9 ways to improve your synth drum sounds

Make better electronically-sourced beats with our inspirational tips, techniques and ideas.

For more on synthesising drums, get hold of the January 2018 edition of Future Music.

1. Pitching for business

Manipulating the pitch of synth drums, particularly toms, can throw up all sorts of interesting sounds. Route velocity to pitch or select alternative (non-chromatic) tuning scales. Sometimes you’ll want your toms to behave with ‘regular’ synth tuning, but sometimes you won’t.

2. Looking for the perfect kick

How do you choose the ‘perfect’ kick drum for your track? You might be seduced by the first sound you audition that seems to provide the requisite amount of welly and thwack, but it’s worth being more considered in your choices - two specific areas, in particular.

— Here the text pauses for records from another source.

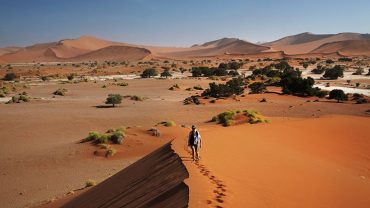 3-Day Desert Safari in Sossusvlei – Budget Friendly
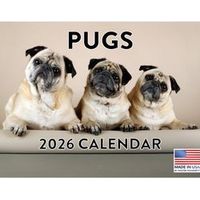 Pugs 2026 Calendar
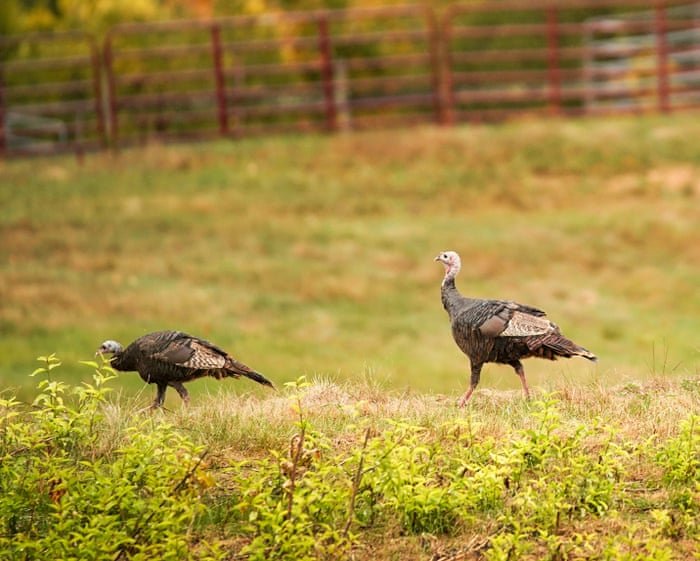 Wild turkeys off the menu in Maine after ‘forever chemicals’ found in birds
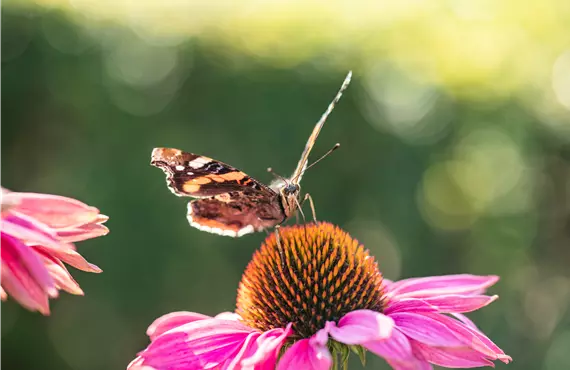 Schmetterling auf Sonnenhut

First, look to design a kick that lets you accurately map its pitch from the moment it starts, all the way through to the end of its decay, with multiple envelope breakpoints. Each stage of its pitch evolution will then be ‘pinned’ by notes relating to the chords of the track.

Second, adjust the kick’s length to ensure that whilst each hit produces a weighty thump, its decay doesn’t last long enough to suck clarity from the mix. You’re looking for punch, of course, but also a kick that knows when to be stay out of the way. Other ‘low’ mix elements, such as the bassline, will thank you for the extra space.

3. Keep it unreal

Don’t program different drum patterns in every bar if you’re after a classic drum machine sound. With classic drum synth sounds, the ‘human’ approach a real drummer might employ (with flams, fills and tricks aplenty) rarely yields great results. 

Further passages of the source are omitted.